Тут зал осветился поярче, и вдруг из всех дверей посыпались в зал повара в белых колпаках и халатах с разливными ложками в руках. Поварята втащили в зал чан с супом и лоток с нарезанным черным хлебом. Зрители оживились.
Веселые повара шныряли между театралами, разливали суп в миски, раздавали хлеб.
— Ужинайте, ребята,— кричали повара,— и сдавайте валюту. Чего зря сидеть здесь? Чего вам эту баланду хлебать. Поехал домой, выпил, закусил. Хорошо.
— Ну, чего засел здесь? — обратился непосредственно к Никанору Ивановичу толстый с малиновым от вечного жара лицом, протягивая Никанору Ивановичу миску, в которой в жидкости плавал одинокий капустный лист.
— Нету! Нету! Нету у меня! — страшным голосом прокричал Никанор Иванович.— Понимаешь, нету! Нету валюты!
— Нету? — грозным басом взревел повар.— Нету? — женским ласковым голосом спросил.— Нету, успокойтесь, успокойтесь,— забормотал он, превратился в фельдшерицу Прасковью Васильевну, стал трясти ласково плачущего Никанора Ивановича за плечо.
Тот увидел, как растаяли повара и развалился театр с занавесом. Никанор Иванович сквозь слезы разглядел свою комнату в лечебнице и двух в белом, но вовсе не развязных поваров, сующихся со своими советами, а доктора и фельдшерицу.
Та держала в руках не миску, а тарелочку, покрытую марлей, на которой лежали шприц и ампула.
— Ведь это что же,— бормотал Никанор Иванович, пока ему делали укол,— нету у меня и нету! Пусть Пушкин им сдает валюту. А у меня нету. Я ведь не артист, и на сцене мне не нравится. Не люблю я театра. Тьфу, будь он проклят! Нету!
— Нету, нету,— успокаивала добрая Прасковья Васильевна,— а на нет и суда нет.
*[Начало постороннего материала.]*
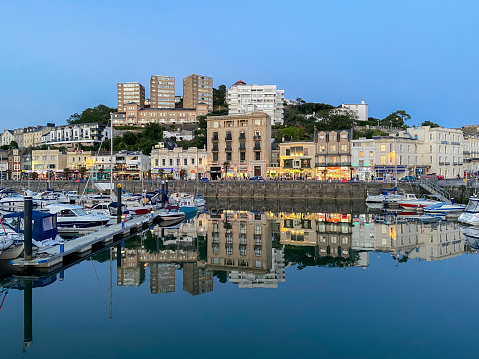 View across Torquay harbour in the centre of Torquay, UK.  Boats can be seen moored in the harbour. People can be seen on the promenade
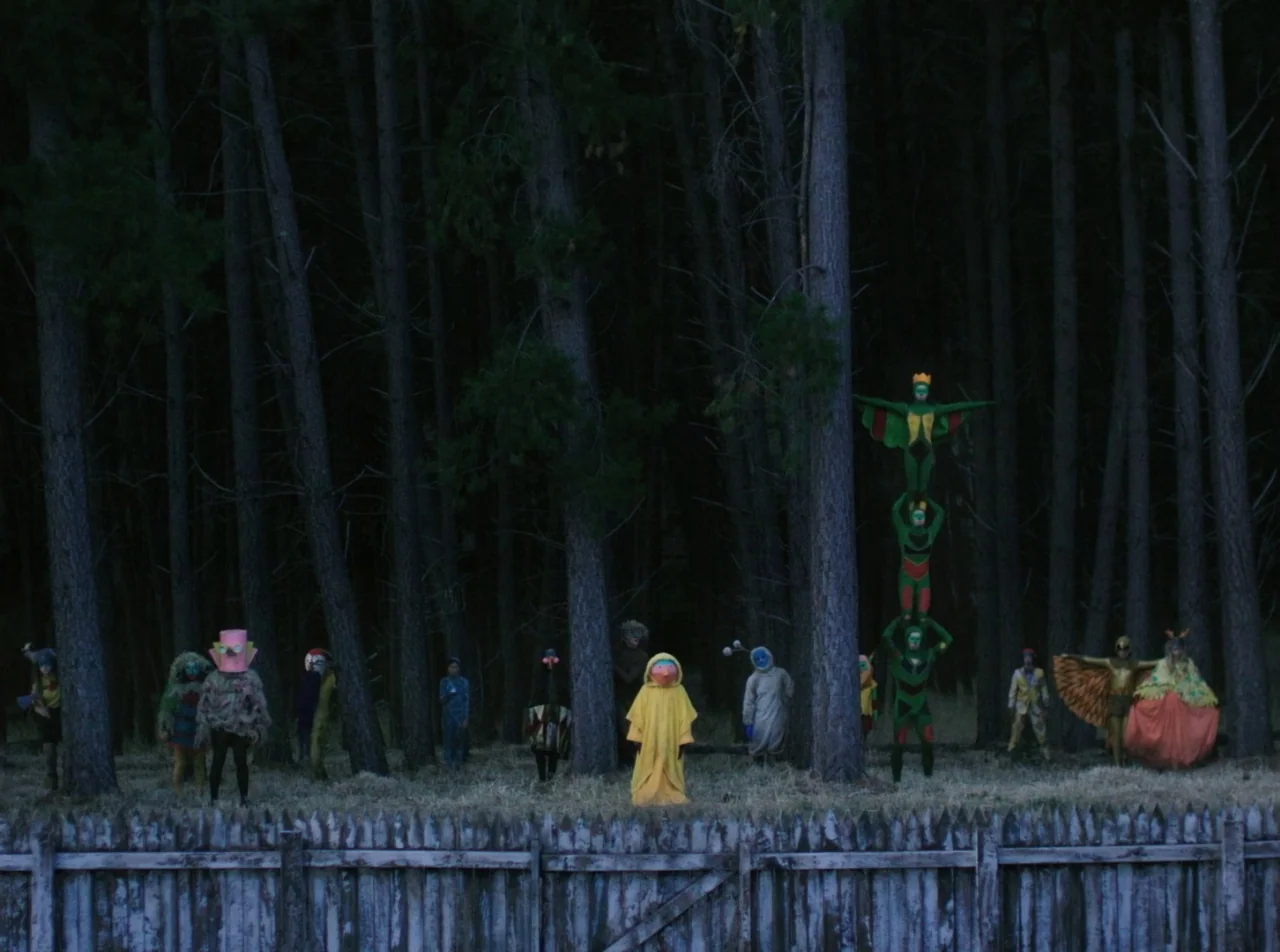 Girl Asleep (2015) movie still: wide — A group of people wearing eccentric creature costumes stand before a tall pine tree line. Three individuals…
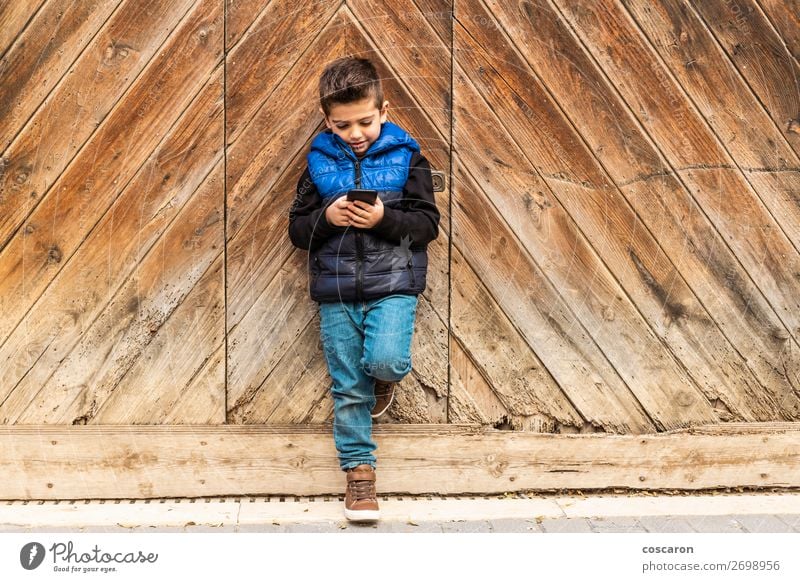 Kleiner Junge mit einem beweglichen Telefon mit einem Hintergrund aus Holztüren. schön Spielen Ferien & Urlaub & Reisen Haus Kind Handy PDA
Никанор Иванович быстро успокоился после укола и заснул без сновидений.
Но тревога, быть может, благодаря выкрикам его, передалась в 121-ю комнату, где больной начал опять искать свою голову, и в 118-ю, где забеспокоился неизвестный мастер и в тоске заломил руки, вспомнив горькую ночь, осеннюю бурю-непогоду, развившиеся волосы жены. Из 118-й тревога по балкону перелетела к Ивану, и он опять заплакал.
И всех пришлось успокаивать врачу.
И они успокоились. Позднее всех засыпал Иван, когда над рекой уже светало. К Ивану успокоение после лекарства, наполняющего все тело, приходило, как сладкая волна, накрывающая его всего. Тело его облегчалось, а голову обдувала теплым ветром дрема. И он заснул, и последним, что он слышал наяву, было предрассветное щебетание птиц в лесу.
Ивану стала сниться Лысая Гора, над которой уже опускалось солнце…
Глава XVI На Лысой Горе (Казнь) {214}
Солнце уже снижалось над Лысой Горой, и была эта гора оцеплена двойным оцеплением.
Та кавалерийская ала, что перерезала путь прокуратору, пришла раньше всех к подножию невысокой Горы и у подножия ее и осталась, рассыпавшись по взводам и спешившись вокруг всей Горы. Она оставила свободным только один подъем на Гору, тот, к которому вела дорога из Ершалаима.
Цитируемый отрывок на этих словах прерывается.